Speaking on arrival in Luxembourg the Foreign Secretary said:
“Well this meeting is at a very important time of course in the development of European policy towards the Middle East and North Africa. The United Kingdom believes that it’s very important for our policies to be bold and ambitious, for Europe to be a magnet for positive change, for the countries on our, in our Southern neighbourhood and we want to discuss more of the detail of that today.
The events in the Middle East are the most important events so far in the Twenty First Century in the, in the world. And it is very important that the response of Europe is commensurate with the scale and historic nature of those events.
Today I’m also looking forward to briefing my colleagues on the arrangements for the Contact Group meeting on Libya in Doha tomorrow. I hope that Contact Group meeting will show a further strengthening of the international coalition on Libya. We of course will also look at further humanitarian aid that can be given to the people of Libya and I believe we will also be very clear that any viable future for Libya involves the departure of Colonel Gaddafi.

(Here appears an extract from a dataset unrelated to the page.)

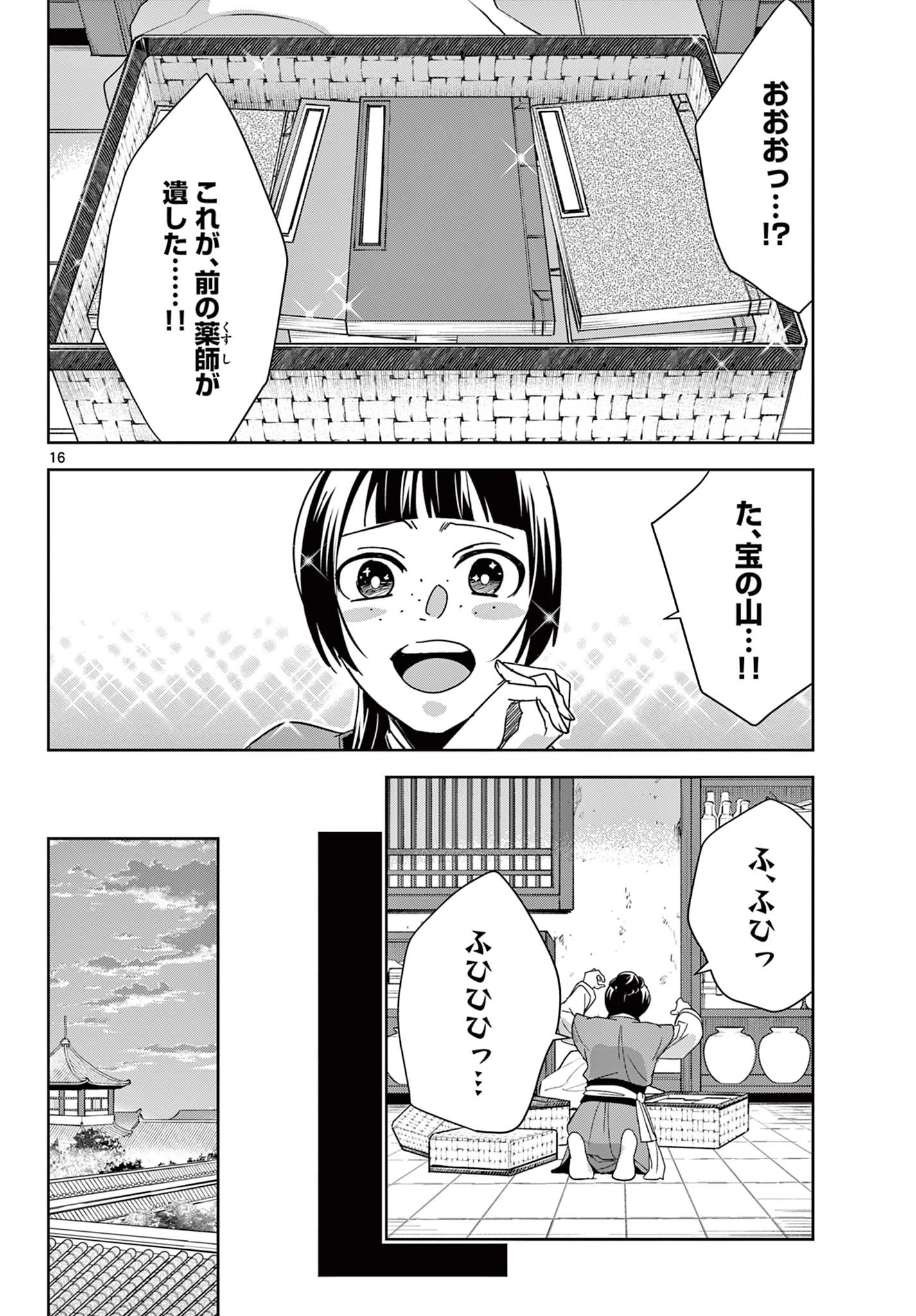 薬屋のひとりごと～猫猫の後宮謎解き手帳～ The Apothecarys Monologue (KURATA Minoji) 第69話 - 16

Also today it is important to note that we have agreed sanctions, restrictive measures on Iran because of the appalling human rights record of Iran. Iran seems to have believed that with all the change happening in the Middle East that they can get away with an even worse human rights situation in their country: the imprisonment of opposition leaders, the detention of more journalists than any other country in the world, the excessive use of the death penalty, often on vague charges. And the European Union is agreeing today restrictive measures on thirty two individuals in Iran we believe are responsible and instrumental in those policies.
We’re also agreeing on the renewal of a strong sanctions regime on Burma, another country which has an appalling human rights record and I’m pleased that the European Union has fully recognised that in our deliberations as well.”